→ Work instruction:
Skip the pictures. Output only the lines below starting at the line with "3 months pre-op, before" and ending at the line with "Indications: obstacle bas", both ends included, exactly as they are.

***

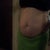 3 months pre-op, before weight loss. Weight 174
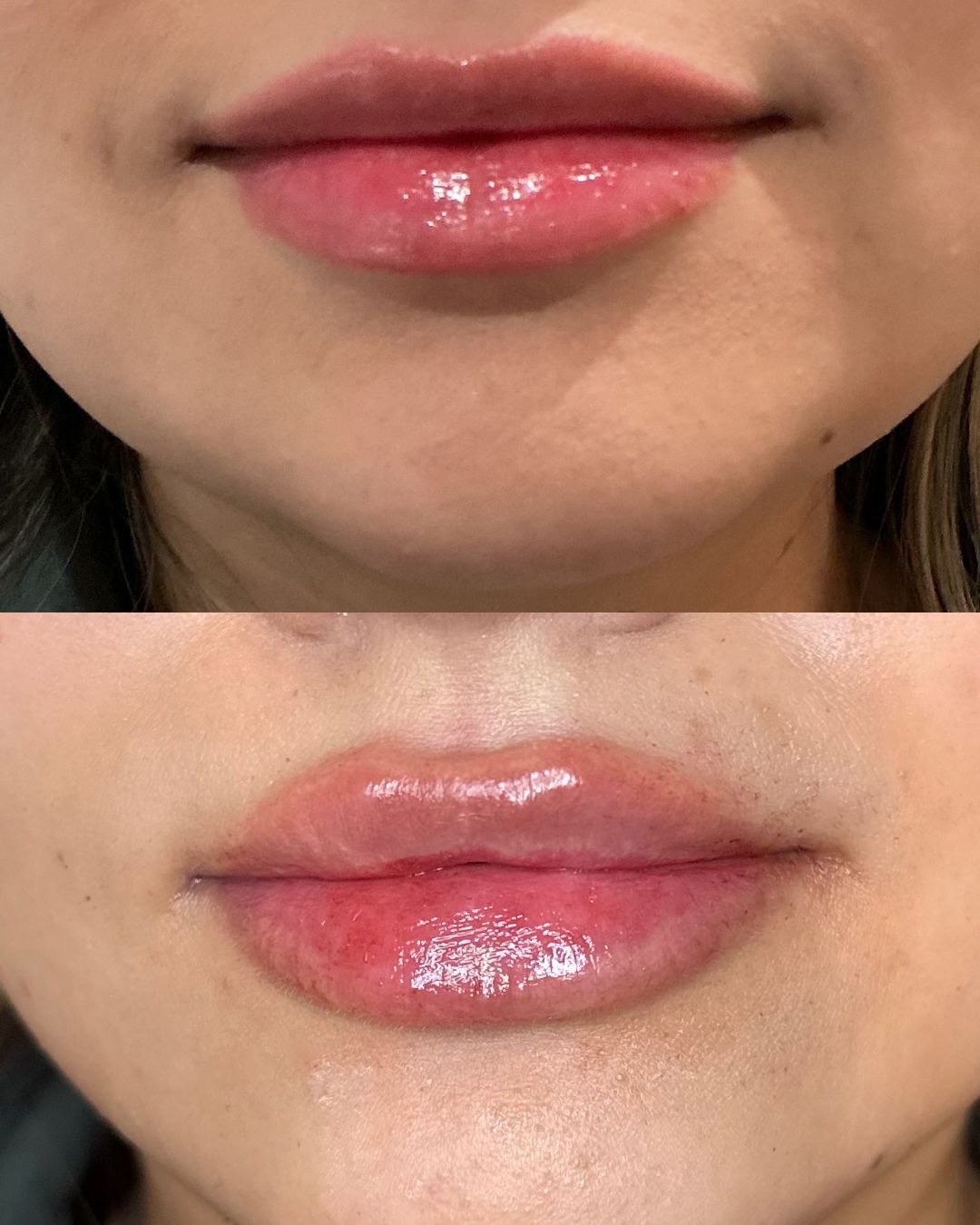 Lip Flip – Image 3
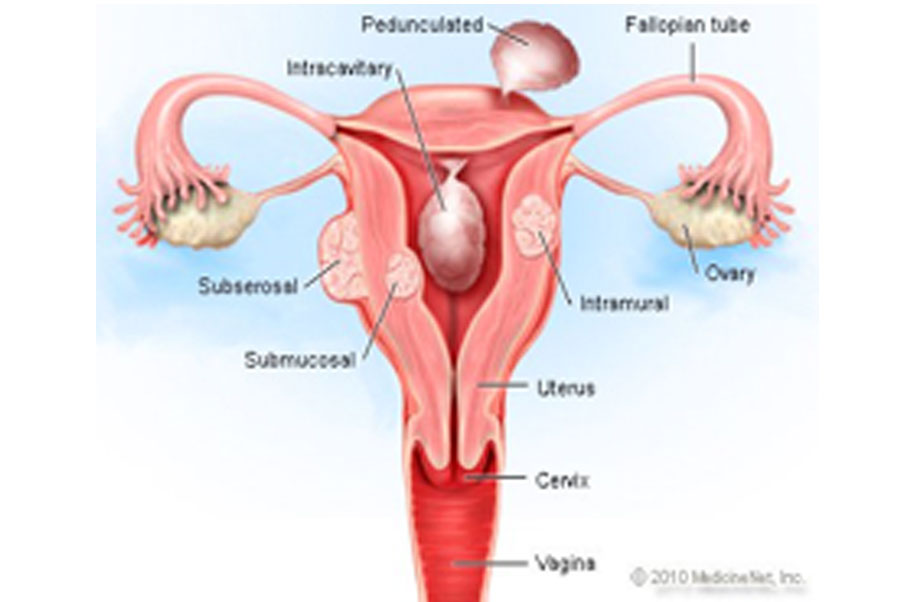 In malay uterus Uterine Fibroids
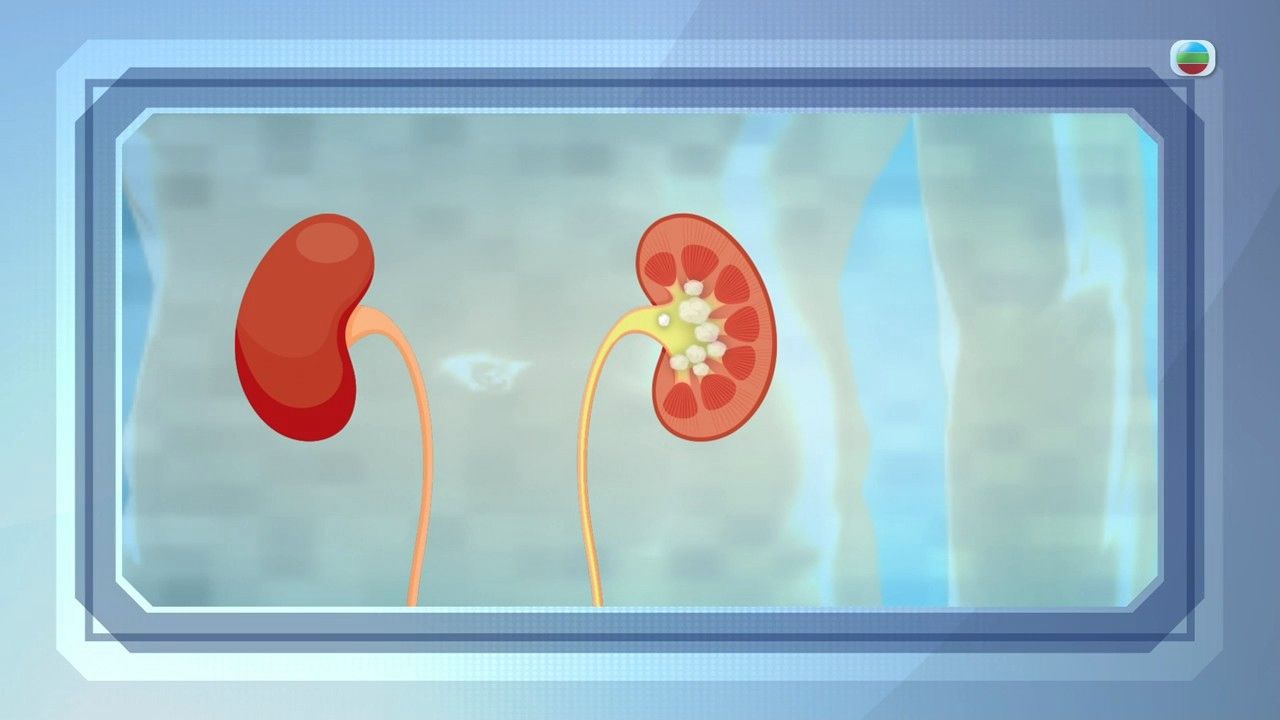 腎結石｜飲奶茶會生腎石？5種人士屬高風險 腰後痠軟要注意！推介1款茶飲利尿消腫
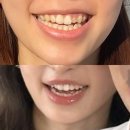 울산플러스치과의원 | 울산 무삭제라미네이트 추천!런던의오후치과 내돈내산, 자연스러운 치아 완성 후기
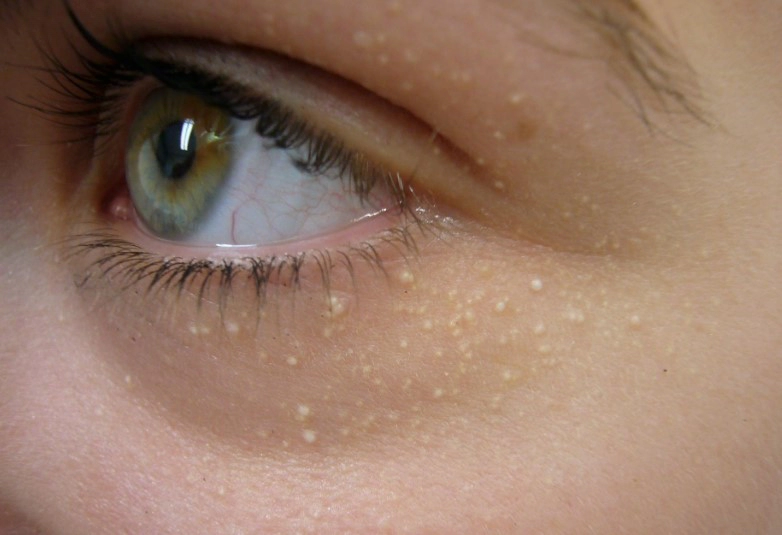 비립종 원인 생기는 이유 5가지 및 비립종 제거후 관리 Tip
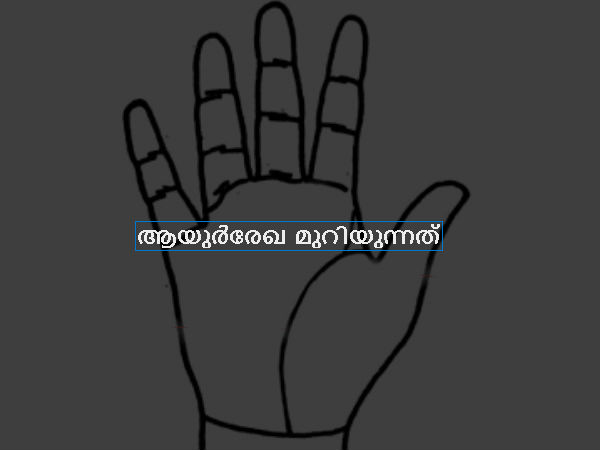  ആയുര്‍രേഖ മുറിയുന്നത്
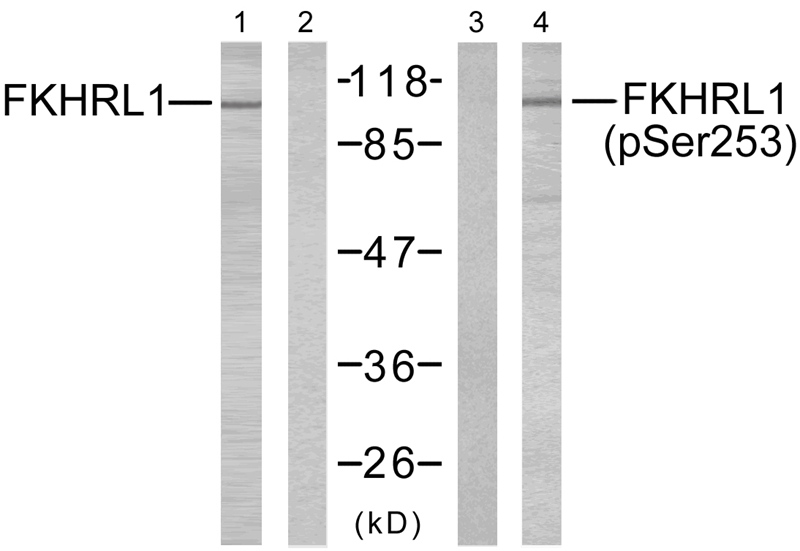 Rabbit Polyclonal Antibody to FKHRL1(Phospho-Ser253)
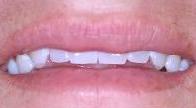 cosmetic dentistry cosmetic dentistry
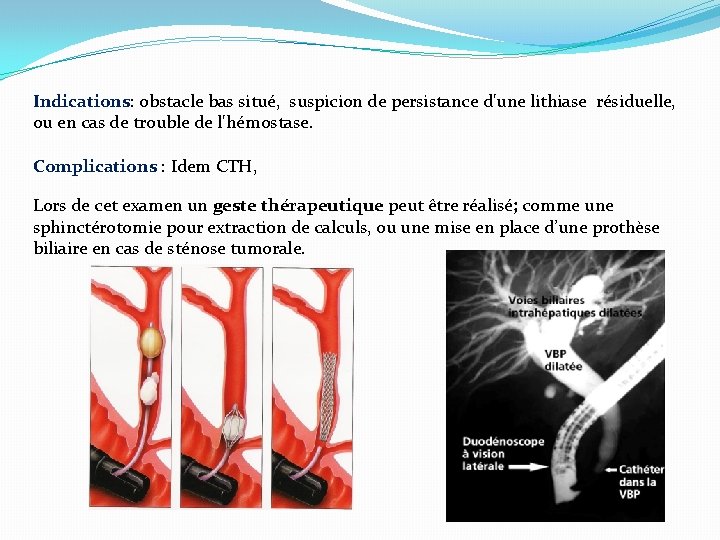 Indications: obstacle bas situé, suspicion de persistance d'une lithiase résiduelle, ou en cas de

***

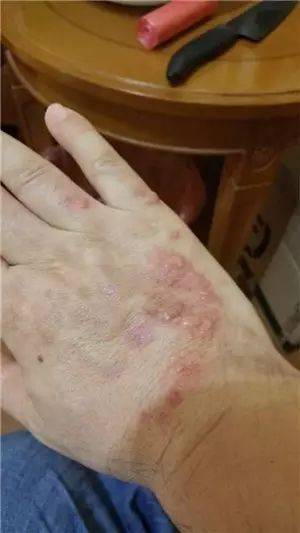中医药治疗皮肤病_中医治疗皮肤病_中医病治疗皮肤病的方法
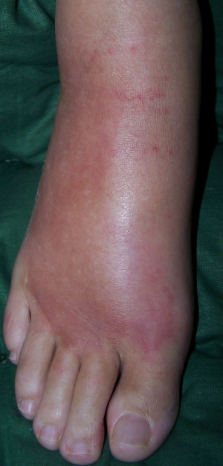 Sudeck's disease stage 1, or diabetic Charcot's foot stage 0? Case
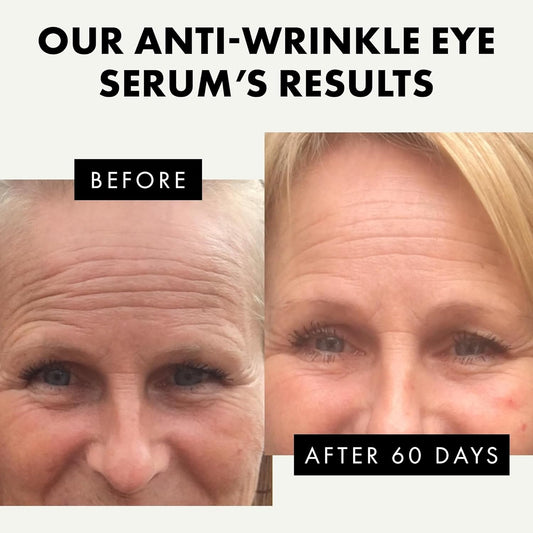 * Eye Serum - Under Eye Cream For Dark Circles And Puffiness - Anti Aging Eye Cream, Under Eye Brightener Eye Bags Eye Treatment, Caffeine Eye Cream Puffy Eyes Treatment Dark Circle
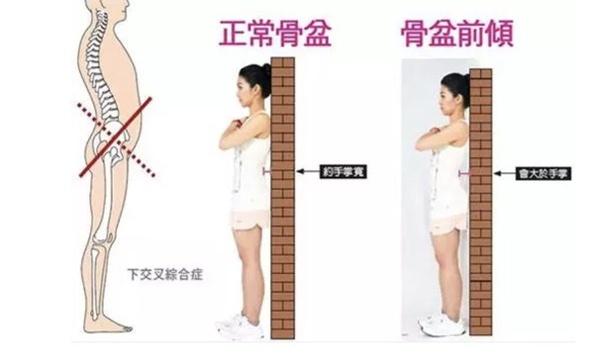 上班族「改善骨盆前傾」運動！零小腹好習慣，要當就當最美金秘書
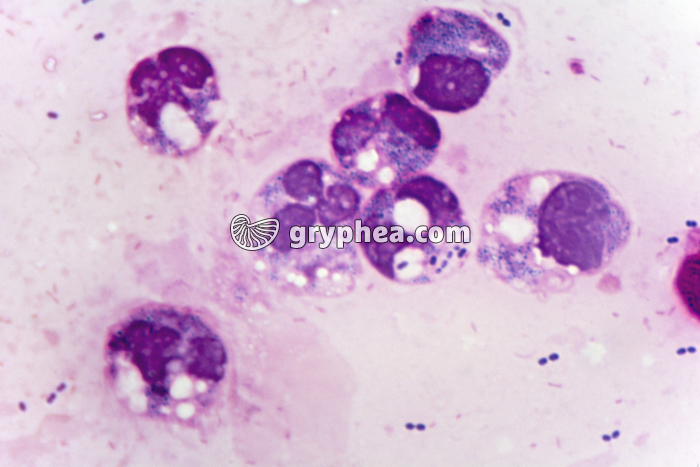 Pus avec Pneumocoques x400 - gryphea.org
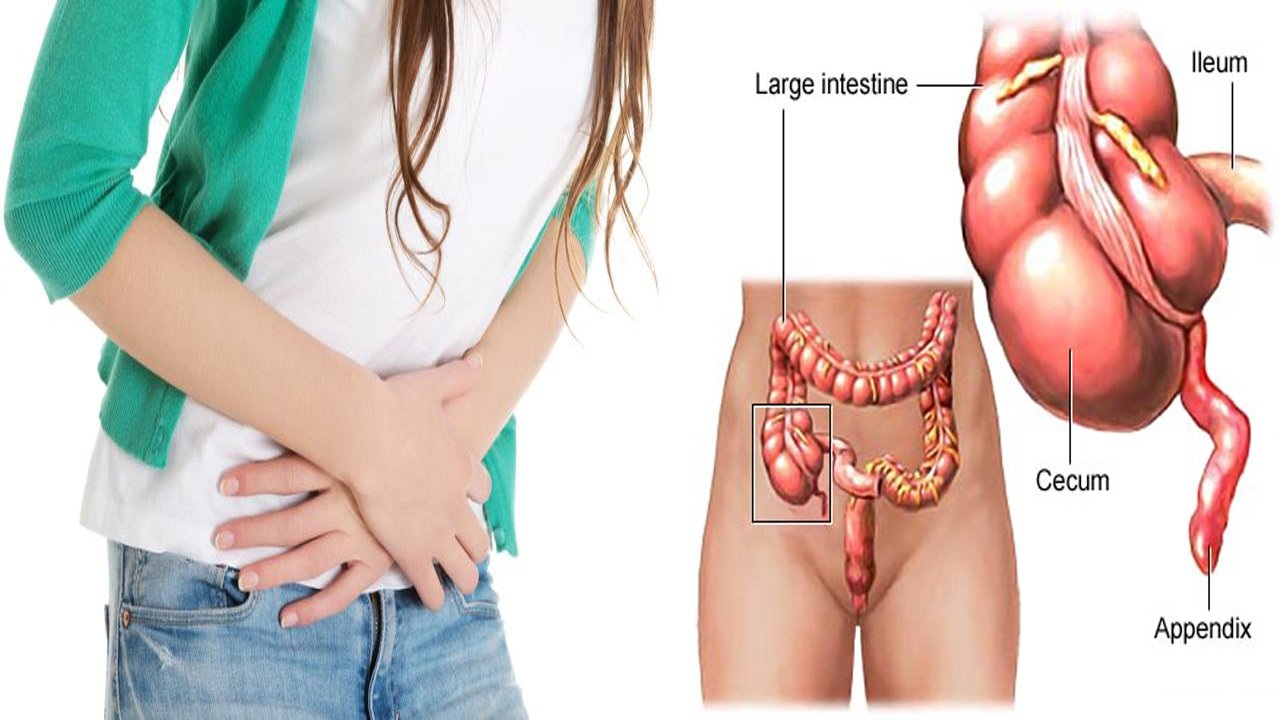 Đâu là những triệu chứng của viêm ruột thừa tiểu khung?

***

→ Task answer:
 3 months pre-op, before weight loss. Weight 174
 Lip Flip – Image 3
 In malay uterus Uterine Fibroids
 腎結石｜飲奶茶會生腎石？5種人士屬高風險 腰後痠軟要注意！推介1款茶飲利尿消腫
 울산플러스치과의원 | 울산 무삭제라미네이트 추천!런던의오후치과 내돈내산, 자연스러운 치아 완성 후기
 비립종 원인 생기는 이유 5가지 및 비립종 제거후 관리 Tip
  ആയുര്‍രേഖ മുറിയുന്നത്
 Rabbit Polyclonal Antibody to FKHRL1(Phospho-Ser253)
 cosmetic dentistry cosmetic dentistry
 Indications: obstacle bas situé, suspicion de persistance d'une lithiase résiduelle, ou en cas de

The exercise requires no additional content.